Hello. I just bought a Trek 2.3 with 105 compact group with ultegra short cage Read Der. I tested it up and down the hill but i felt like i needed more gear for uphill. So i'm thinking of replacing the 105 cassette 11-25 to 11-27/28, unfortunately 105/Ultegra doesn't make such cassette so i'm stuck with DA 7900. I just need more info before i buy it. Here are my concerns:

1. Does the DA 7900 cassette compatible with the hub and the ultegra short cag?.
2. Do i need to replace the stock chain which is pretty much new? If i do does it have to be a DA also?
3. Is there any other parts i need to buy to replace the cassette?
4. Any special steps i need to be concern about when replacing. (i'm a newbie rider and know little about new bikes but determine to learn bike maintenance so i can do my own

Thanks.


----------



## ukbloke (Sep 1, 2007)

trekbiking said:


> So i'm thinking of replacing the 105 cassette 11-25 to 11-27/28, unfortunately 105/Ultegra doesn't make such cassette so i'm stuck with DA 7900.


I'm curious about this too. Note that there is, or soon will be, an Ultegra CS-6700 11-28 cassette which would be a much cheaper and probably more durable option than DA. 

I am currently using 12-27 with a compact 50/34, and see some advantages for 11-28. The 11 cog is nice with a compact for hill descents, while the 28 gives slightly lower gearing for the really steep hills. Of course you pay for this with increased gaps between the cogs, and this could be pretty annoying for some ratios.

> Does the DA 7900 cassette compatible with the hub and the ultegra short cag?.

You are definitely beyond the capacity of the short cage derailleur. The compact 50/34 gives 16, and the rear 11-28 gives 17 for a total of 33. The official spec is 29. I have heard of people using the SRAM 11-28 cassettes with some success. I think this is pushing the limit and you will have to try it to see how well it works on your bike.

Because of this, I decided to stick with the 12-27 cassette and not attempt this upgrade. Officially 12-27 is beyond the capacity limits too, but it is "well known" that it works.

> 2. Do i need to replace the stock chain which is pretty much new? If i do does it have to be a DA also?

I think you can stick with the existing 10 speed chain (though it will need to be longer!), and that there is (sufficient) compatibility between the 7900/6700 cassettes and current Shimano 10 speed chains. This may not be as preferable as a complete 7900/6700 transmission, but I don't think you want to upgrade to the new chain either since you don't have the 7900/6700 chain rings.
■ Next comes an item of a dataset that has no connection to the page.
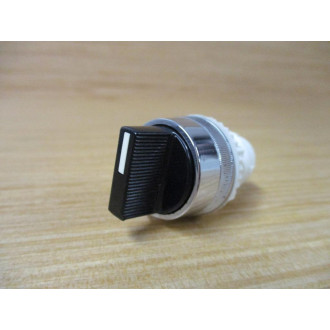 Clippard PS-T2T-B Selector Switch PST2TB - New No Box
You might want to do some more research on this. Perhaps you should have asked this question in the "components and wrenching" forum.

> 3. Is there any other parts i need to buy to replace the cassette?

Tools to remove the old cassette and install the new cassette. This is a chain-whip, the cassette removal tool, and a big wrench. Also you will need extra links in the chain to increase from the 25 cog to the 28 cog, so you will likely need a new chain after all. And then you will need a chain tool.

> 4. Any special steps i need to be concern about when replacing. (i'm a newbie rider and know little about new bikes but determine to learn bike maintenance so i can do my own

Read the instruction at the Park Tool web-site. The order and orientation of the cogs and spacers is important, so pay close attention to this as you remove the old cassette. You will probably need to adjust the rear derailleur, particularly the B-screw to adjust for the increased side of the largest cog. Also pay close attention to chain sizing and make sure that the big/big combination will work without stressing anything. The Shimano instruction manuals are very good too.


----------



## bec143 (Mar 26, 2008)

I have A Roubaix Comp that came stock with an Ultegra short cage rear and a SRAM 11-28 cassette. It was a little rough at first, but a lbs took out a chain link and moved the habger a bit and it has been flawless for a year.


----------